Подъезжая к монастырю, мы увидели бедно одетую толпу народа с музыкантами, которые при нашем приближении заиграли на зурнах, заколотили в барабаны. Напрасно я старался в этих оглушительных звуках уловить хоть какое-нибудь сочетание - каждый, кажется, выколачивал и выигрывал, что ему вздумалось и захотелось. Утешив нас музыкой, старшие из народа предложили видеть их пляску. Для этого один из музыкантов снял с себя верхний кафтан, сапоги и пошел выхаживать, складывая руки, нагибая голову и закатывая глаза, а между тем музыканты старались, насколько хватало сил, особенно зурнисты, у которых от напряжения лица были красные и глаза налились кровью. Окружающая толпа народа принимала, в свою очередь, тоже немалое участие: кто прихлопывал в ладоши, кто прикрикивал, и вообще приветствовали нас с самым неподдельным и искренним радушием. Мне объяснили, что все это татары, хоть они совершенно не похожи на татар астраханских: горский лезгинский характер ярко отпечатывается и в одежде, и в стройном складе тела, и в каком-то благородном и воинственном выражении лица.

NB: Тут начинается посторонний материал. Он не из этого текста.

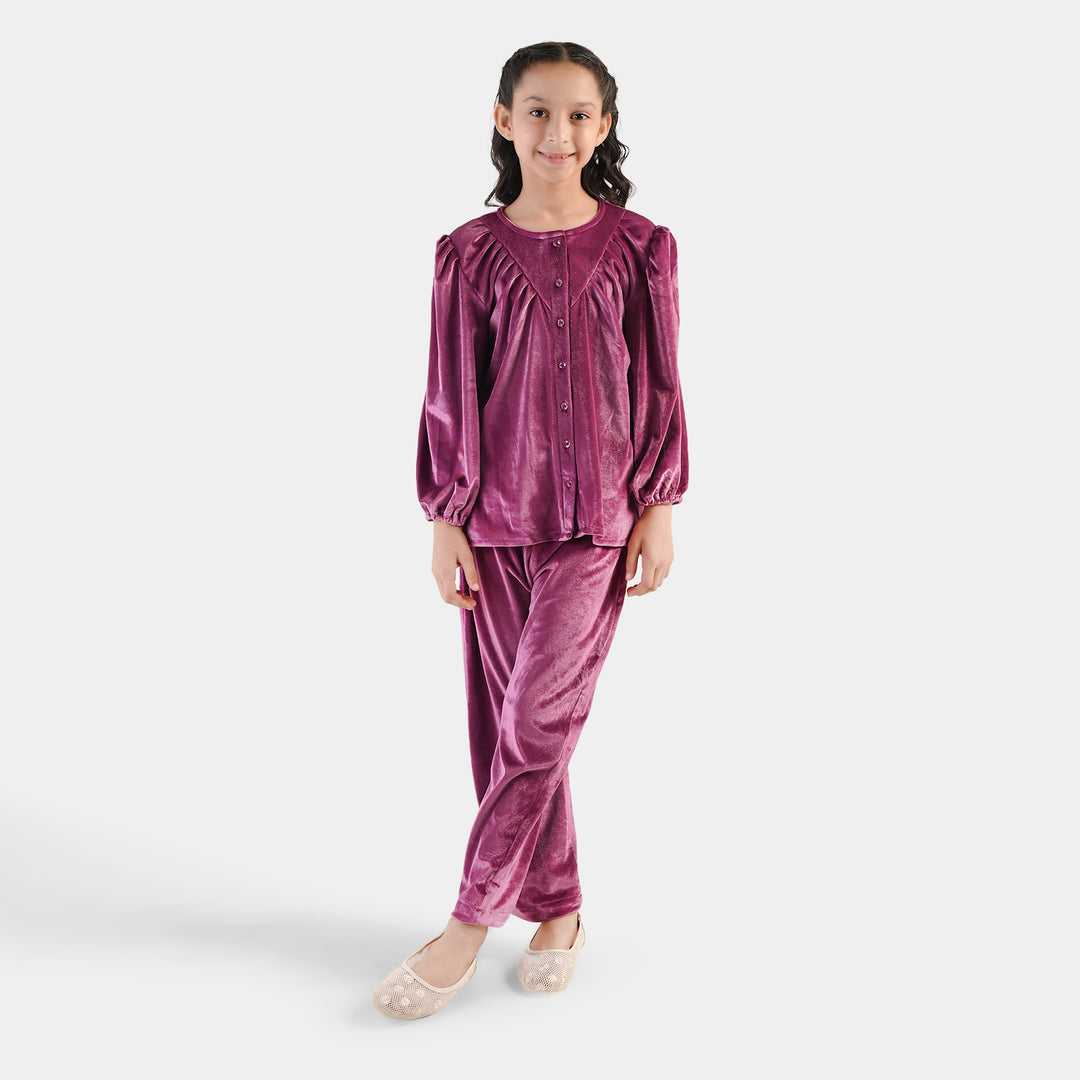 Girls Velvet Co-ord Set Raspberry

В монастырских воротах нас встретили двое индийских отшельников, желтолицых, худых и босиком. Один из них уже несколько лет исполняет положенный на себя обет нечесания волос, и потому можно судить, в каком положении была его голова; другой тоже, кажется, не чешется, но уж так, без искуса.
В центре монастырской площадки стоял главный жертвенник - что-то вроде каменной, на четырех столбах беседки. Один из индийцев принялся зажигать огни. Сначала он бросил огня на пол беседки, и пламя вспыхнуло, потом поднес на длинных шестах огня к верхушкам столбов - и те запылали. Но, кроме того, нам хотелось еще видеть их богослужение; оказалось, что это довольно нетрудно. Отрекшиеся от мира подвижники в надежде получить какой-нибудь рубль серебра совершают обыкновенно свои священнодействия для всякого путешественника, в какое угодно время и насколько тому желается. Мы вошли в их моленную. Это была небольшая комната с купольным сводом; в одном углу ее помещался жертвенник, на котором стояли колокольчик, раковины, вода в чашечке и медные истуканчики. Я взял одного из них и спросил индийца, что он изображает. "Баба-Адам", - отвечал он. "А другой?" "Абель", - отвечал он. "А этот, третий?" "Дьявол!". Словом, пустынножитель, не зная сам хорошенько, болтал мне, что только пришло ему в голову. Свое молебствие индусы совершают обыкновенно нагие, но с нами были дамы, и потому им запретили выполнение этих подробностей, и они начали с того, что в нескольких местах зажгли проведенный в трубочки газ; один из индусов сел на корточки перед жертвенником, что-то зачитал, потом покадил, кажется, кипарисом, позвонил в колокольчик, а другой, нечесаный, стоя у стены и понурив голову, бил в тарелочки. В моленной между тем была невыносимая жара и какой-то удушающий серный запах.